I would like to pick one from my train journeys to understand the situation. This particular one dragged me through all possible colours of pain. By the time I came out of the Howrah-Ahmedabad Express, I was black and blue from all the metaphorical blows. There was already enough chaos in the compartment that I had to get into, but it's the general compartment, so what else can one expect? This tale is a summary of the train journeys of all the women combined, especially the ones that travel by the general compartment, the option that we choose to travel by due to economic reasons.

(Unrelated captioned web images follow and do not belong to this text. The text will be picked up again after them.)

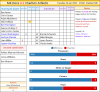 109 Results stats 25 MK Dons away.png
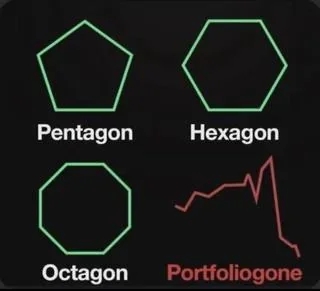 polygon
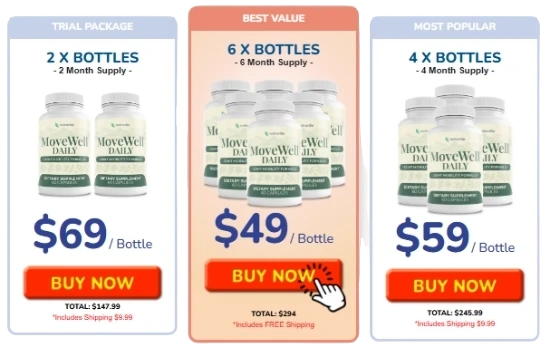 MoveWell Daily Price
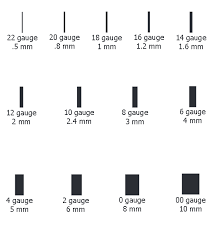 Https Www Google Com Blank Html Ear Gauge Sizes Ear Gauges Gauge Size Chart
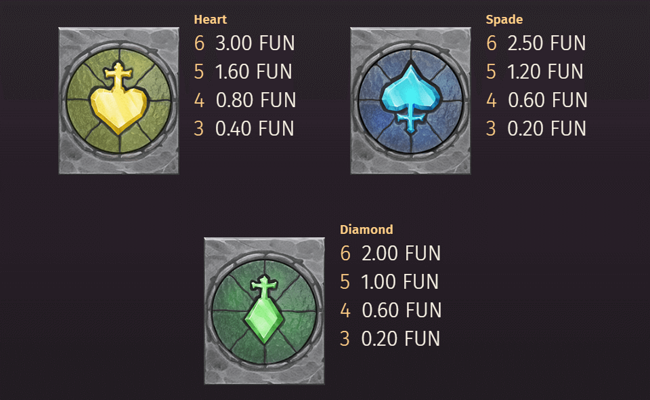 holy hand grenade paytable 3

I was aiming to get down at Jalgaon after boarding the train from Ahmedabad. Three of my friends and I were all set and excited to venture out into Ajanta and Ellora caves. After quarrelling with a few people lying down without tickets on the seats people were supposed to sit in, we forced ourselves to believe we were comfortable. I was getting into the art of doing that when a man came and sat at the edge of the seat opposite to me. The woman constantly nagging the people trying to sit there did not have an opinion this time. She was silent and let him sit. The man started to converse with me, and after a while, he settled down on the floor to sleep, or so I thought. A girl was already lying between the lower berths' space. He lay down on the way that people walk through. The tale takes a dark turn when this man starts bending the upper side of his body towards where my legs were. I could barely sit at the edge of the seat, and now I couldn't keep my legs on the floor. I hugged my backpack tight and folded my legs. He had a lot of space to put his head comfortably, but he snuggled by my legs. When he found out that his prey had realised what he was up to, he moved on to the girl lying on the floor between the lower berths. I saw him slide his hand under her skirt, which was it for me. The woman who didn't want men to sit anywhere near her, even on the floor, did not want to protect her granddaughter after she realised that her voice was thinning into the air he was breathing in. I pulled my right leg out and stomped on his right hand. The entire time, he had his head inside his bed sheet and pretended nothing was happening. He withdrew his hand, but he did not mean to spare me. He raised his hands and touched my legs "accidentally" as he lay there twisting and turning for no particular reason. I kicked him again, but it was almost as if I turned invisible whenever I started to react. This frustrated me even further, and my eyes began to water.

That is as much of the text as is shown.